Ampliare gli spazi di partecipazione alla Coop ExAequo

Il primo bilancio, al 30 giugno 1994, si chiude con un risultato economico e politico che è allo stesso tempo una conferma e una sfida per gli anni a venire.

Le oltre duemila persone che nel corso del primo anno di apertura aderiscono a Icaro - l'associazione che gestice la Bottega di Via Altabella - rappresentano la conferma che fare commercio equo a Bologna è possibile.
E anche i conti danno una indicazione analoga: circa 165 milioni (di Lire) di fatturato portano il bilancio in sostanziale pareggio, nonostante gli investimenti iniziali effettuati per allestire il punto vendita e avviare l'attività commerciale.

Sul finire del secondo anno di attività, mentre i numeri in crescita permettono di guardare al futuro con minore preoccupazione, viene proposto ai frequentatori della bottega un questionario per raccogliere indicazioni sul versante commerciale e sollecitare un rapporto più diretto con la Cooperativa.

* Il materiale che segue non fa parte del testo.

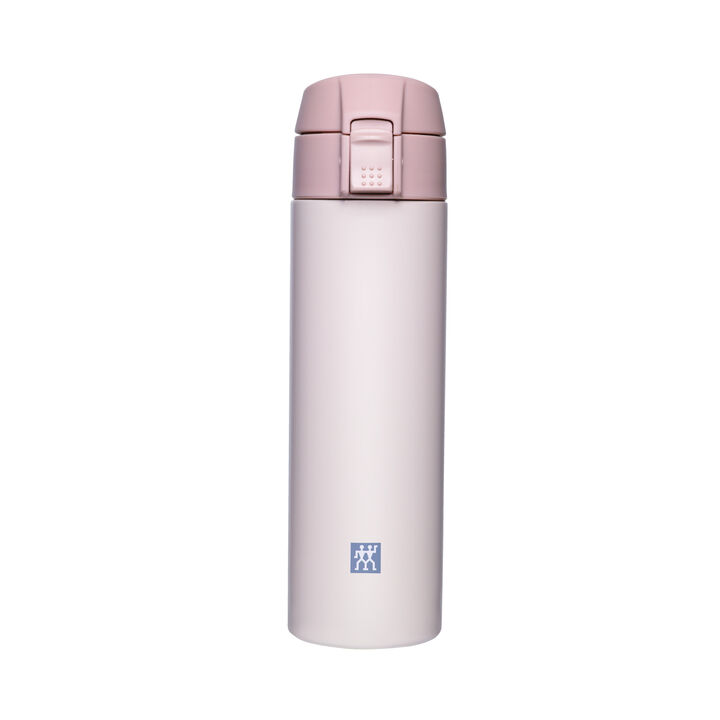 Thermo, TRAVEL BOTTLE, 450 ml, pink, large 1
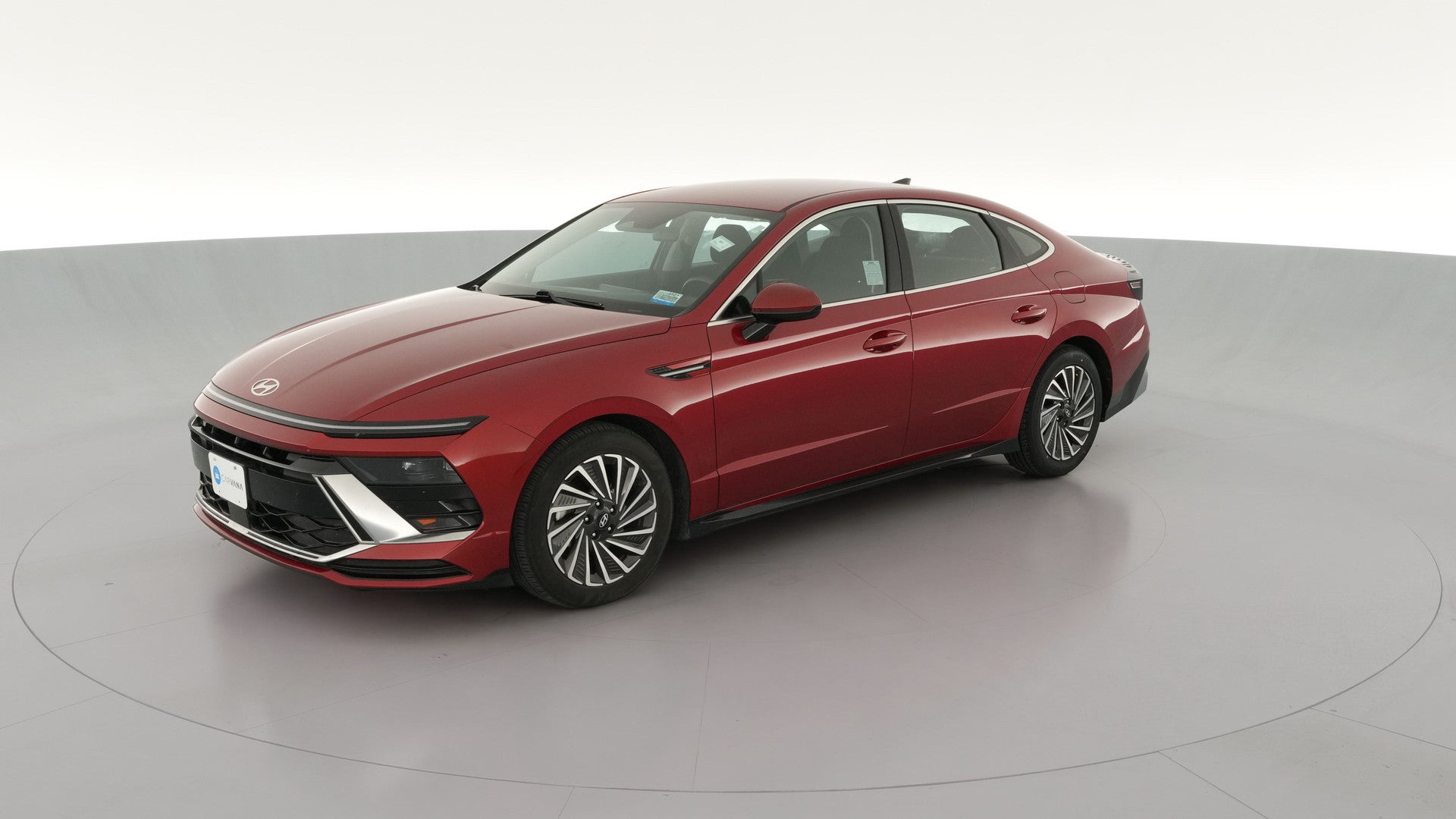 2024 Hyundai Sonata Hybrid vehicle photo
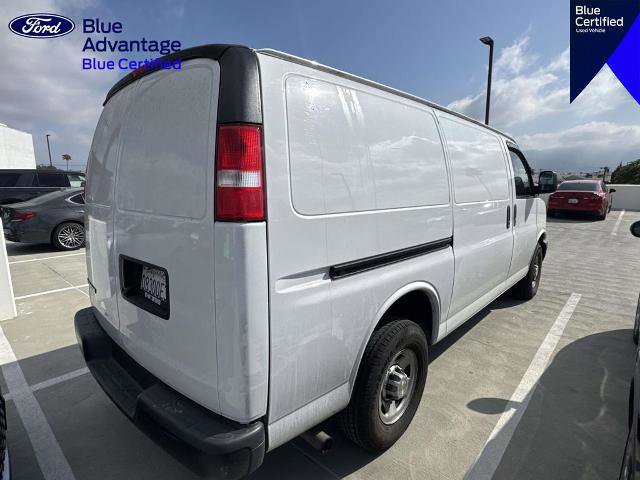Used 2020 Chevrolet Express 2500 w/ Driver Convenience Package RWD image 11
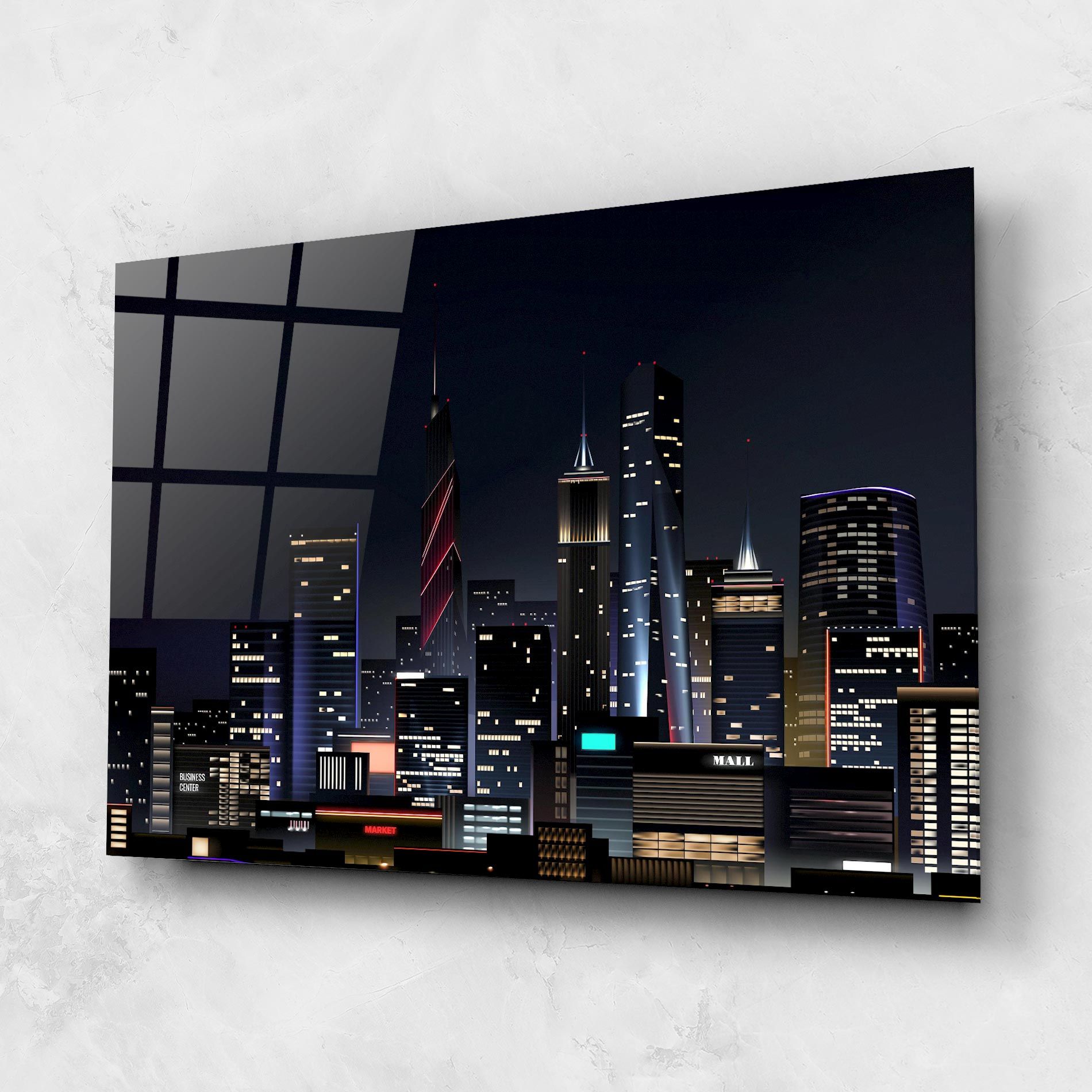 Night City mockup 1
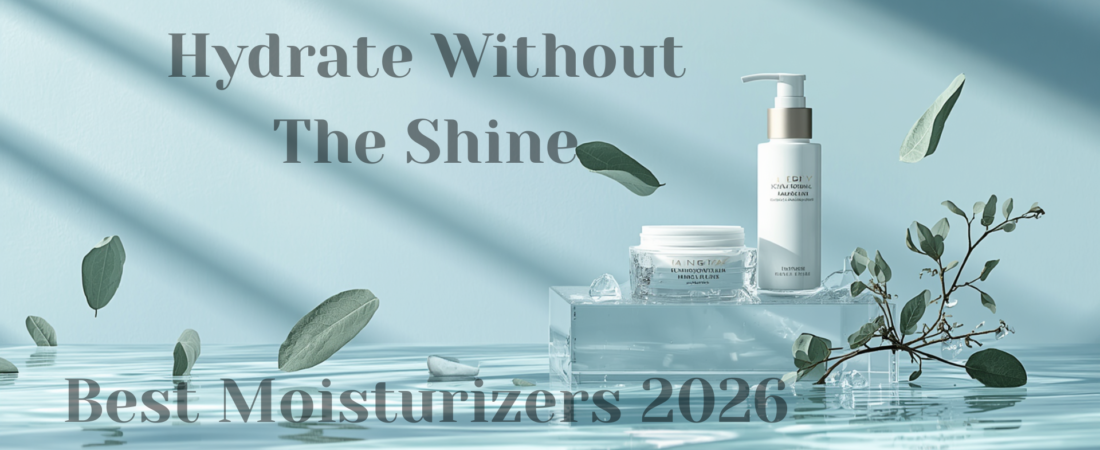 Best Moisturizers for Women’s Oily Skin in 2026: 8 Expert Tips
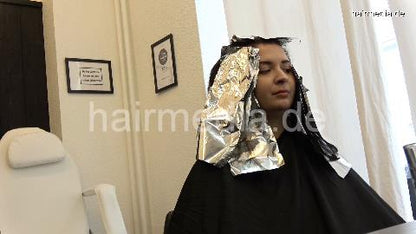 4116 LeaB 2 coloring torture by headscarfe barberette Lilly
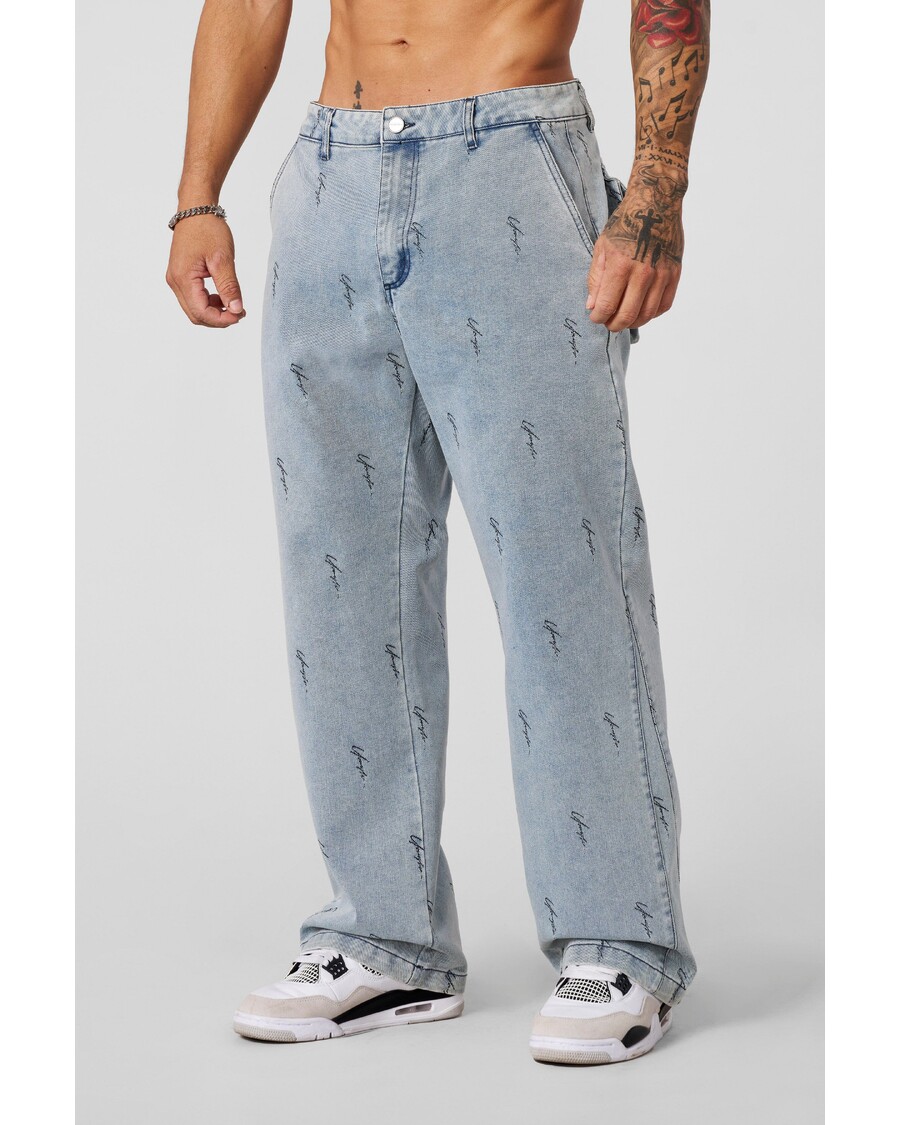 Youngla 6001  - Signature Jeans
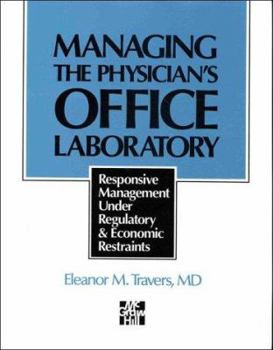 Paperback Managing Physicians Office Lab Book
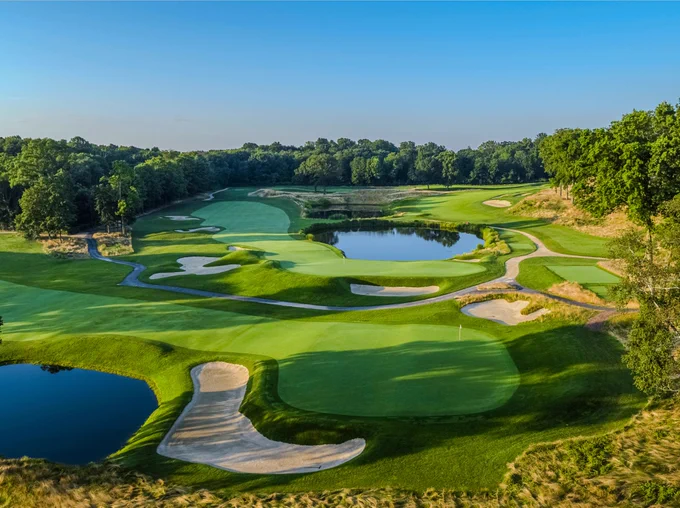14th Hole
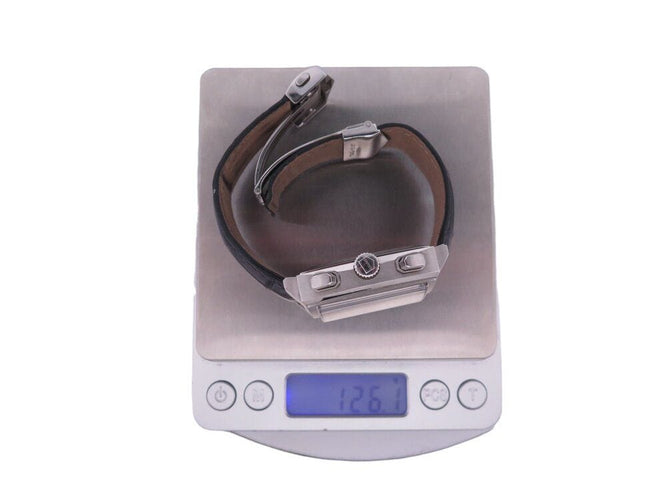 Montre montre TAG HEUER monaco chronograph caw2111-0 acier 39mm automatique 58 Facettes 268035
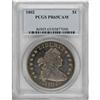 Image 3 : 1802 $1 PR65 Cameo PCGS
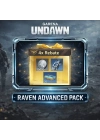 Garena Undawn Raven Advanced Pack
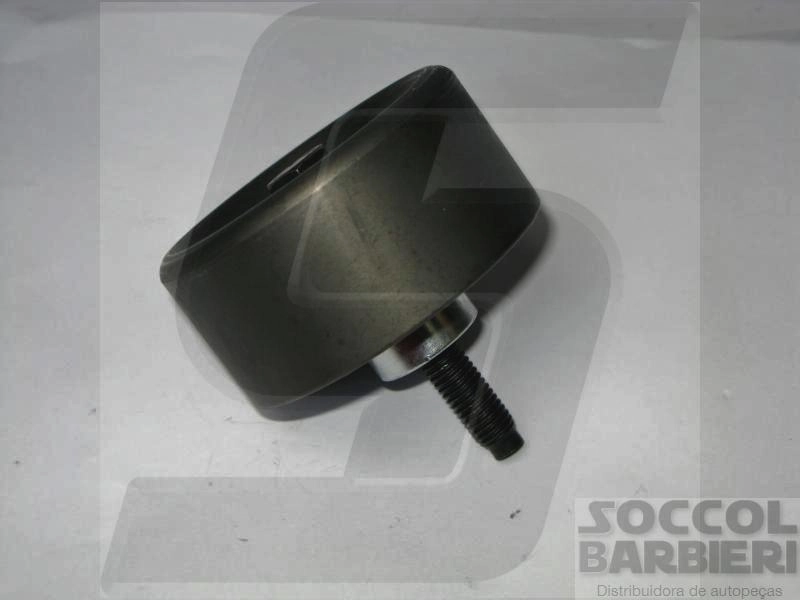 POLIA FALSA CORREIA ALTERNADOR FORD TRANSIT 2.4 8V TURBO DIESEL - 10.20X76.50X36.20MM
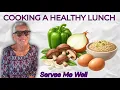 I Make Time to Cook Healthy Meals 12 Years and Counting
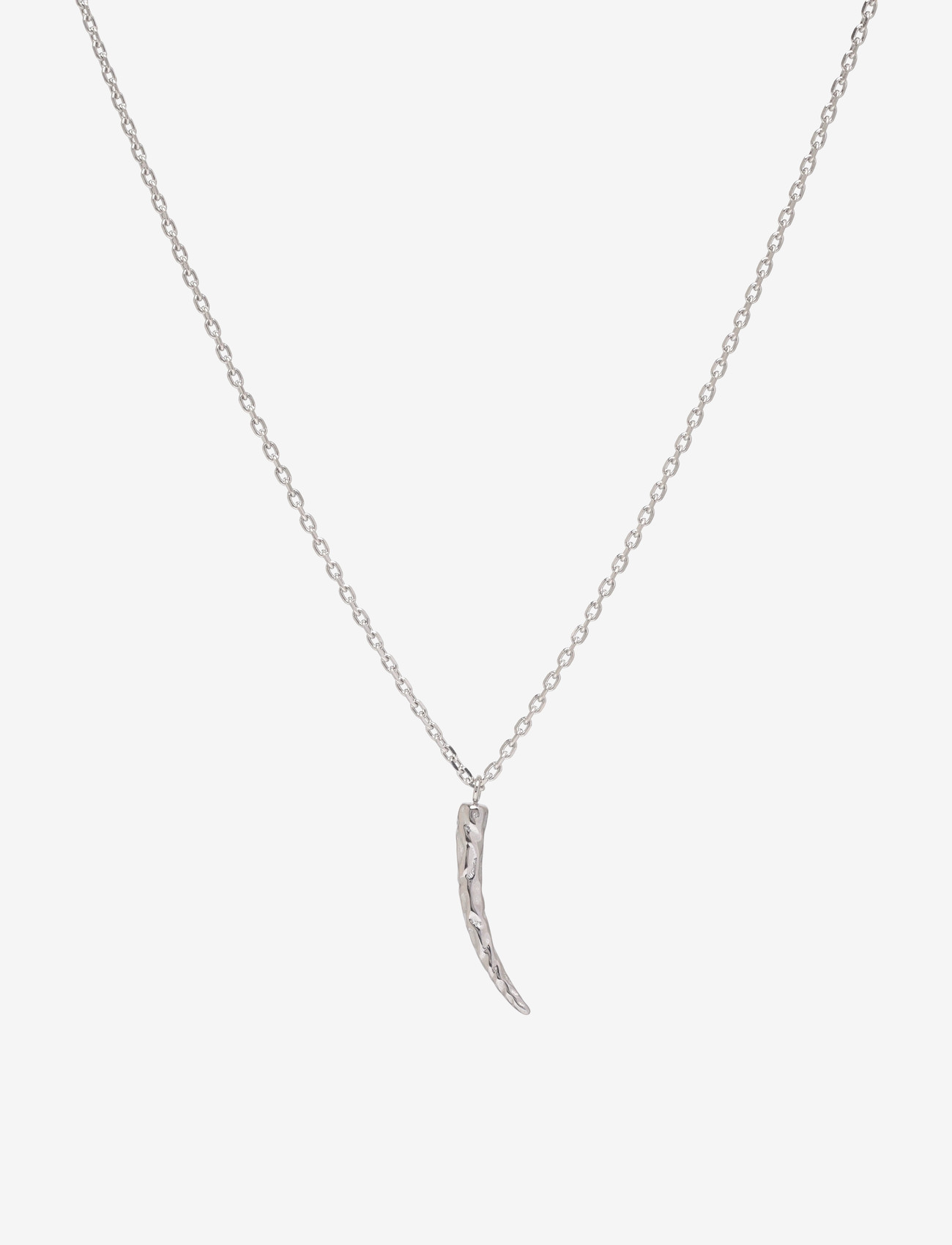 Samie - Corwin - Necklace Steel - halsband - sws - 0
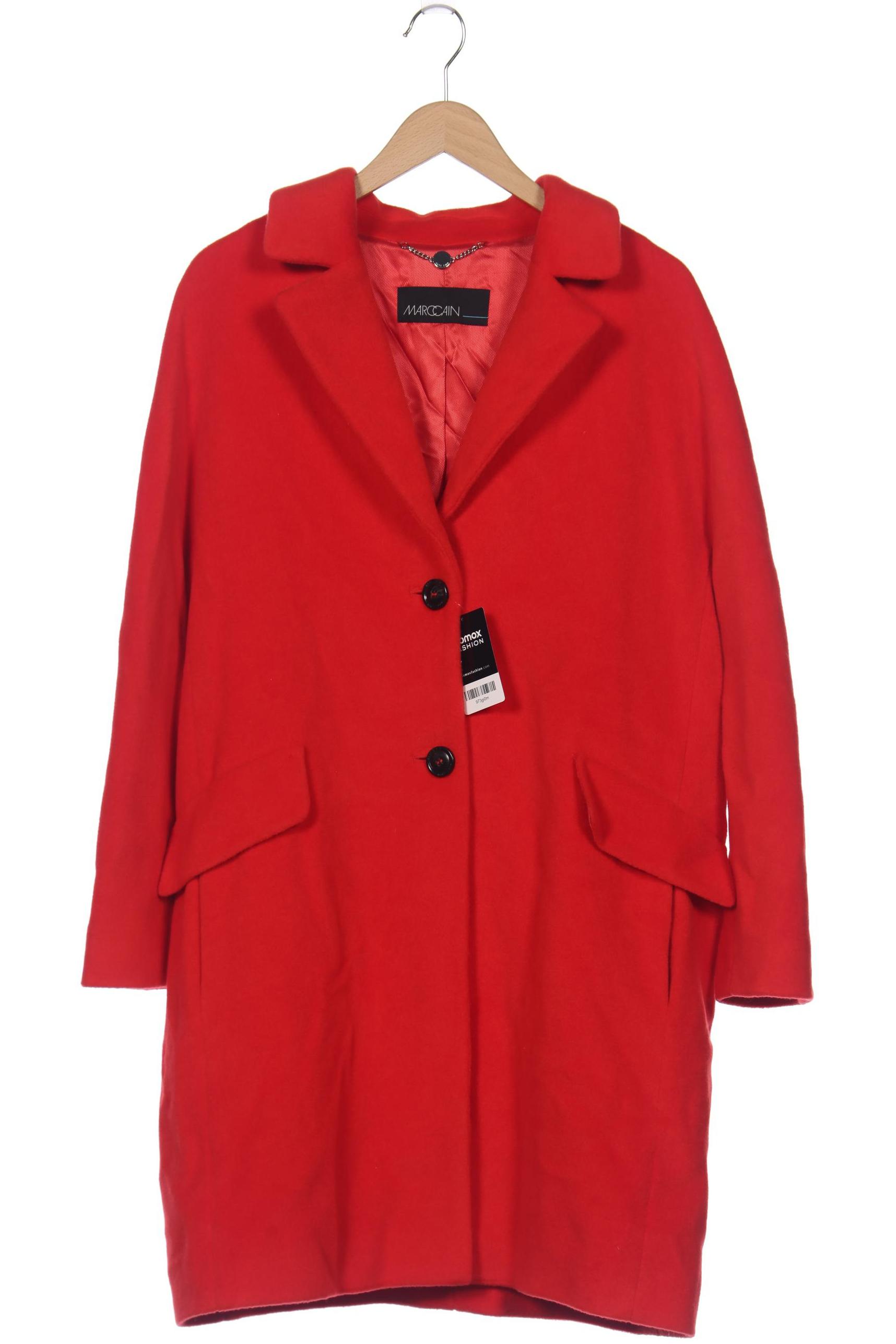 

Marc Cain Damen Mantel, rot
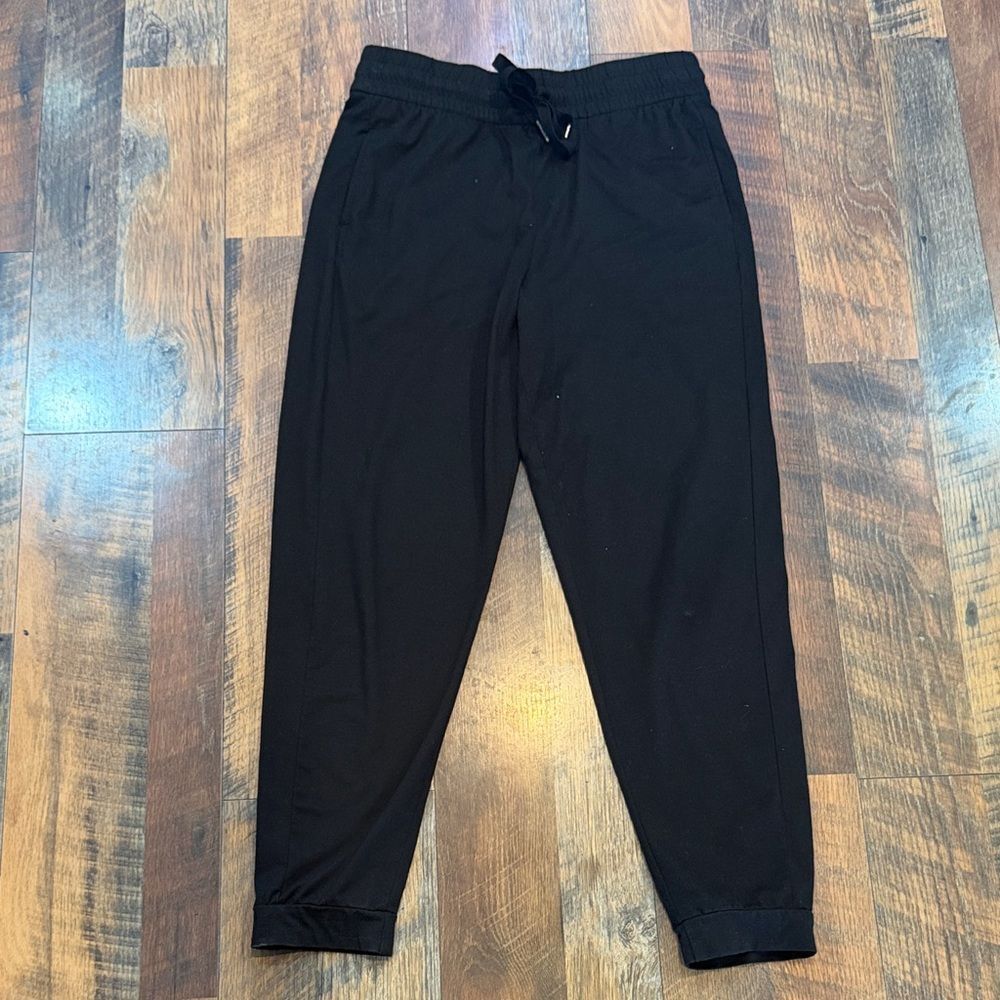 Black Jogger Pants M (4425)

L'iniziativa, lanciata nell'inverno 95/96, costituisce il pretesto per andare oltre il semplice contatto commerciale con le tante persone che frequentano la bottega.
Il percorso di "avvicinamento" alla Cooperativa proposto a tutte le persone che hanno dichiarato l'interesse/la disponibilità a collaborare si traduce, nei mesi successivi, in una piccola campagna soci attraverso cui alcune decine di persone decidono di iniziare la loro avventura nel mondo del fair trade affiancandosi ai soci fondatori.

Mentre si sviluppano i rapporti con le realtà dell'associazionismo e della cooperazione sociale che operano a livello cittadino, nel dicembre del 1995 si realizza anche la prima esperienza di mercato natalizio che vede la commercializzazione congiunta di prodotti di commercio equo e della cooperazione sociale.
Una mostra mercato che si pone come punto di partenza di un progetto ben più ambizioso: dare visibilità alla produzione della cooperazione sociale bolognese per legittimare una diversa logica di produrre e di consumare.



È proprio da questa esperienza e da questa rete di relazioni che maturerà, negli anni successivi, la decisione di ExAequo di aderire al SIC, il consorzio delle cooperative sociali bolognesi.